▸ WORK INSTRUCTION
Omit all pictures, and print word for word only the lines from the one containing "Foto von Haus" through the end of the data.

▸ ENTRIES SUPPLIED
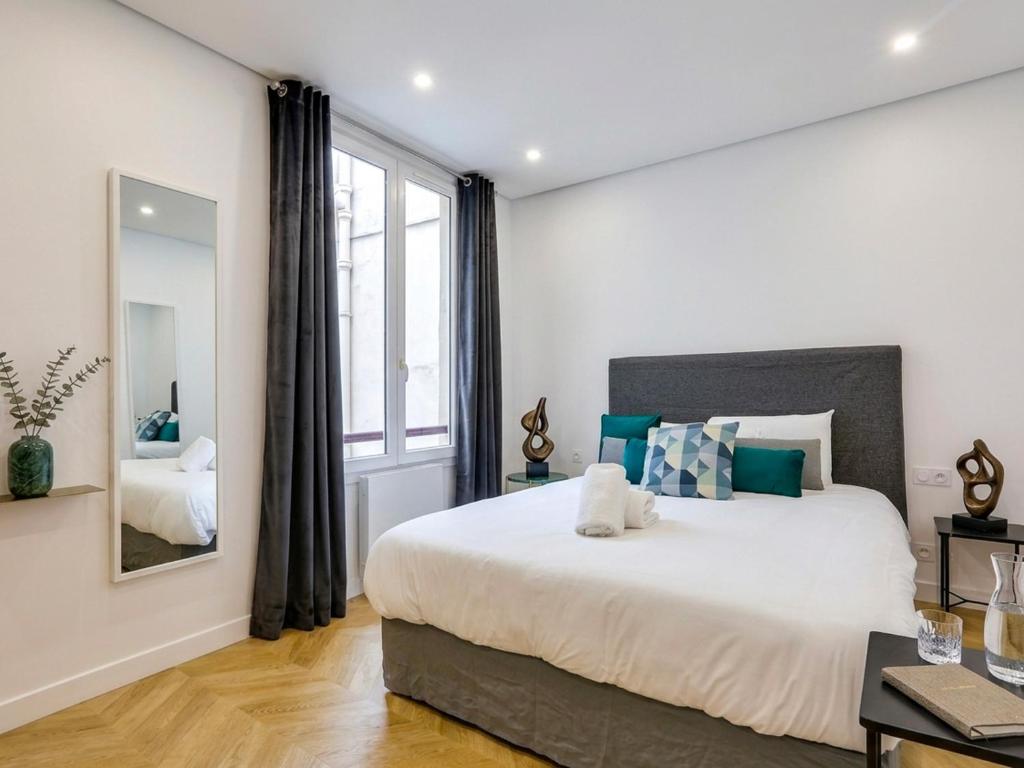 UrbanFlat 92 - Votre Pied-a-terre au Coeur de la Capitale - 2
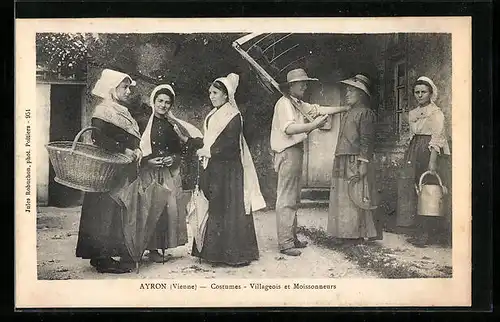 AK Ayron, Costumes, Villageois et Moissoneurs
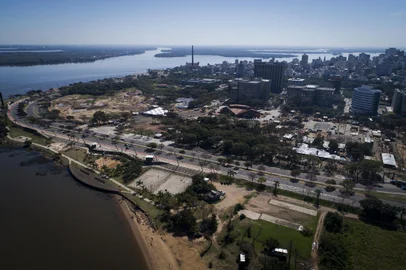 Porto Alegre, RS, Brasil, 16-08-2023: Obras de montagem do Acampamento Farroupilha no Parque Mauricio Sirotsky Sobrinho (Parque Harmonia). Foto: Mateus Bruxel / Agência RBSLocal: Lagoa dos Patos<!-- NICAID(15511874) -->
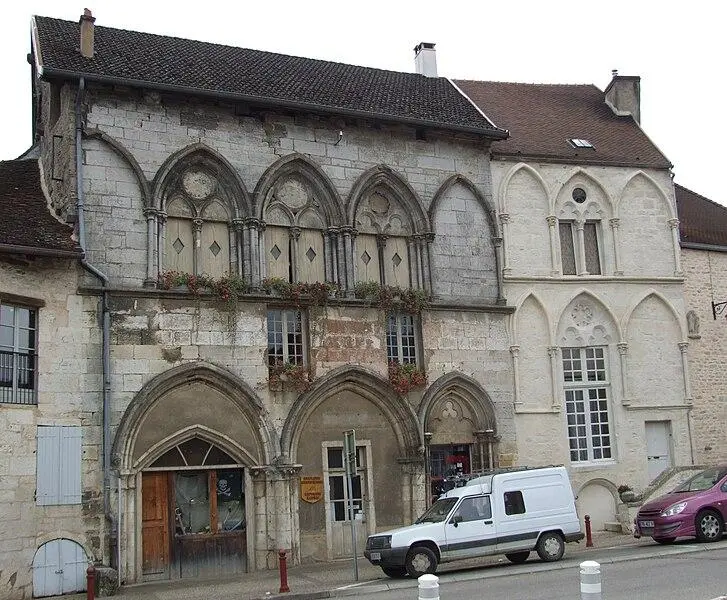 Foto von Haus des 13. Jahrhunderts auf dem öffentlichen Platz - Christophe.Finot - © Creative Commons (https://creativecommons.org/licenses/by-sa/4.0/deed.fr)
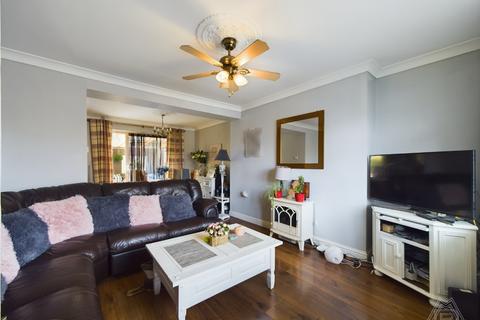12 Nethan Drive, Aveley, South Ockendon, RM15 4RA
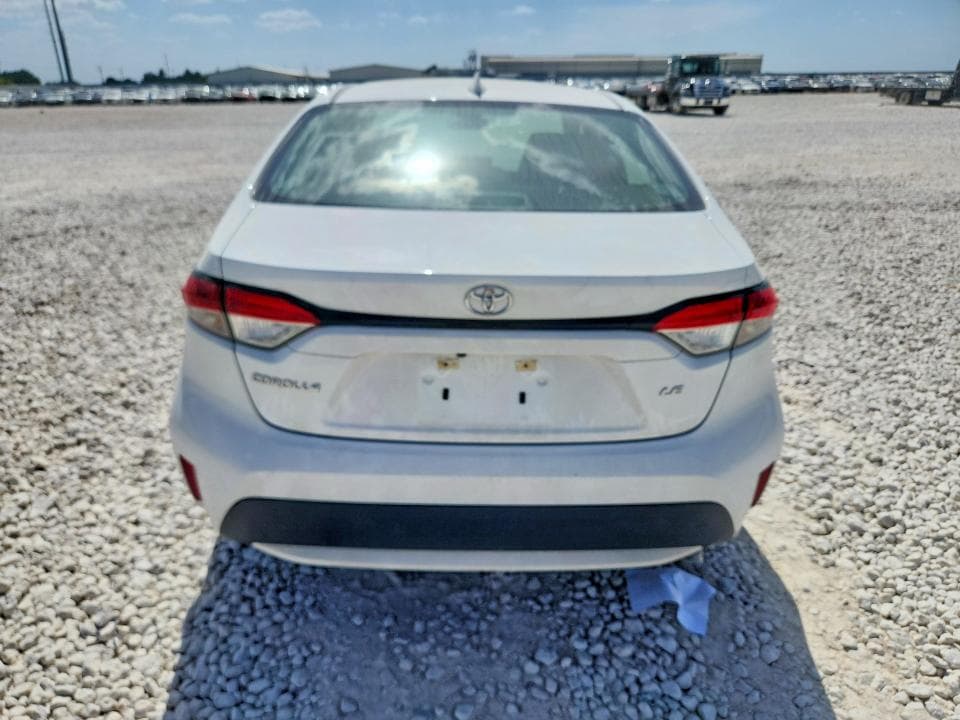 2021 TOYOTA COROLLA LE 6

▸ TASK SOLUTION
 Foto von Haus des 13. Jahrhunderts auf dem öffentlichen Platz - Christophe.Finot - © Creative Commons (https://creativecommons.org/licenses/by-sa/4.0/deed.fr)
12 Nethan Drive, Aveley, South Ockendon, RM15 4RA
 2021 TOYOTA COROLLA LE 6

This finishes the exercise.